Full-time work after university isn’t a gap year, it’s just not a grad scheme
Even post-uni, Cambridge students struggle to escape the all-or-nothing perfectionist mindset argues Ruby Cline
If you’re not spending the first three hours of your day painstakingly clicking “HERE”, or popping balloons at speed to complete the fifth round of assessments for a consulting company, you should be planning your travels to Taiwan and under no circumstances dreaming of labour. Or at least, these seem to be your two options if you’re graduating in 2024.

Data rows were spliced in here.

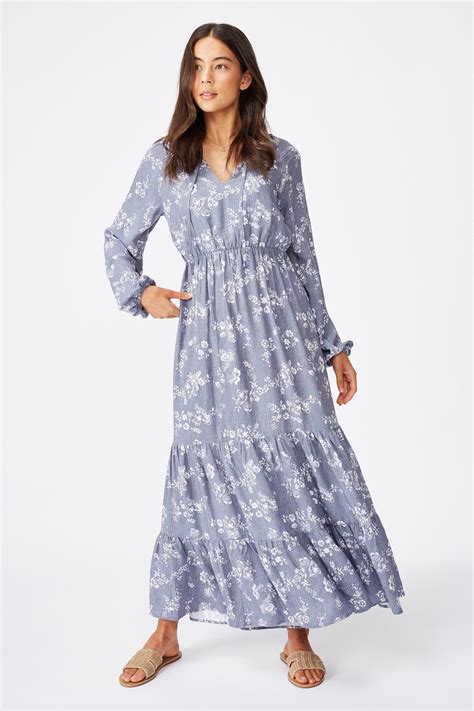 Woven Michelle Long Sleeve Maxi Dress Hannah Floral Grisalle Cotton
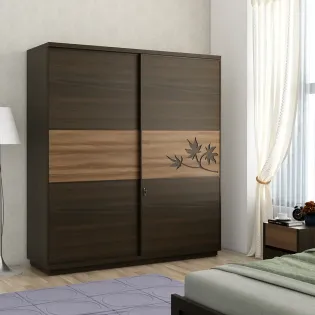 Maple 2 Door Sliding Wardrobe - Fumed Oak Woodpore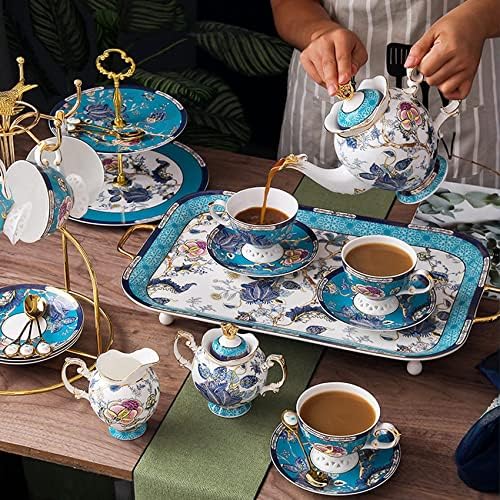 ACMLIFE Porcelain Tea Sets with 24K Gold, Vintage British English Afternoon Tea Sets for 6, Luxury Tea Sets for Women Party for Gifts Tea Sets for Adults Bone China - Image 2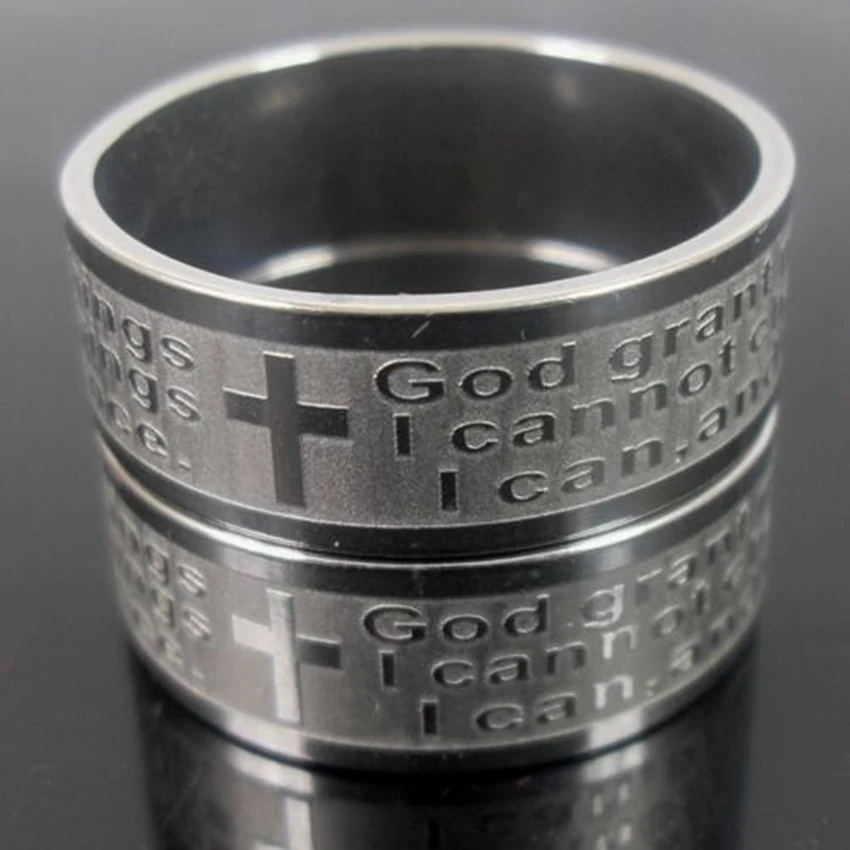 30pcs Etch English Serenity Prayer Cross Jesus Stainless Steel Ring Wholesale Men Religious Jewelry Lots " God grant me..." 2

When I ask my friends from home about their post-university plans, there’s a big range. One soon-to-be psychology graduate is building an interest in marketing, and is looking casually into possible career choices within the field. Another plans to make the well-paid customer service job they’ve been doing throughout university into full-time work and will look into future options later on. One is hoping to travel until January with money she’s saved up over the years and will then start job-seeking. Another already has a job lined up.

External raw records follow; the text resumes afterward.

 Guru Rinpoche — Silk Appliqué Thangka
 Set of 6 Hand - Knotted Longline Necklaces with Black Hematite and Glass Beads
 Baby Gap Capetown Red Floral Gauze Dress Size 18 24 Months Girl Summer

“There is no clear “graduate job” for this cohort”
Across the UK, the statistics show a similar range – 59.6% of 2020/1 graduates were working full time in the UK 15 months after graduation. Within this work, there was a huge range of jobs – 15% were health professionals, 12% in business, HR, or finance, 8% in retail, catering, or waiting work, 4.6% in childcare and education. There is no clear “graduate job” for this cohort.
This isn’t the case for Cambridge finalists though, who seem to be painting a very different picture of their futures. Rather than this broad spread of options, opportunities, and ideas, this year’s finalists seem to fit relatively neatly into two immediate futures: the grad schemers and the gap yearners. Both options seem to encapsulate the all-or-nothing perfectionist mindset many have worked so hard to escape.

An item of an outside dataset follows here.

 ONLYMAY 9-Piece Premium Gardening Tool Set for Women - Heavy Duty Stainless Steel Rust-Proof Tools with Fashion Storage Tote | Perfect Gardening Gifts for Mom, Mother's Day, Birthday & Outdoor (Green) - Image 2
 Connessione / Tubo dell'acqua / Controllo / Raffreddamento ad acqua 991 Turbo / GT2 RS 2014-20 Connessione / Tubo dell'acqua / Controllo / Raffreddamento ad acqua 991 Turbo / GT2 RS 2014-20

Working a 9-5 simply isn’t enough for our grad schemers. Despite widespread recognition that graduate placement roles in the main vocations our finalists seem to be looking towards are absurdly competitive – consulting, finance, law, tech... and journalism (I’m as much of a villain as you lot are) – there are no back-up plans for these goal-seekers. Household names only. After all, you can’t LinkedIn your placement if your dad can’t pronounce the company name (or for some, if your dad doesn’t know the boss).
Most people accept the reality that seven rounds of pre-interviews and thousands of other applications mean that they may be in for some difficulty in getting their dream scheme, but this is often acknowledged in the same way that the likelihood of not getting your firm uni offer was (equally irritatingly) discussed: an inconvenient existential possibility but not particularly something to worry about. Without doubt, this comes from a fear of acknowledging the possibility of “failure”. But it creates an ecosystem where only those who are constantly fighting for the slightest hint of a job offer are presented as working “hard” enough to deserve it.
“It’s not a failure to live at home and work to make money”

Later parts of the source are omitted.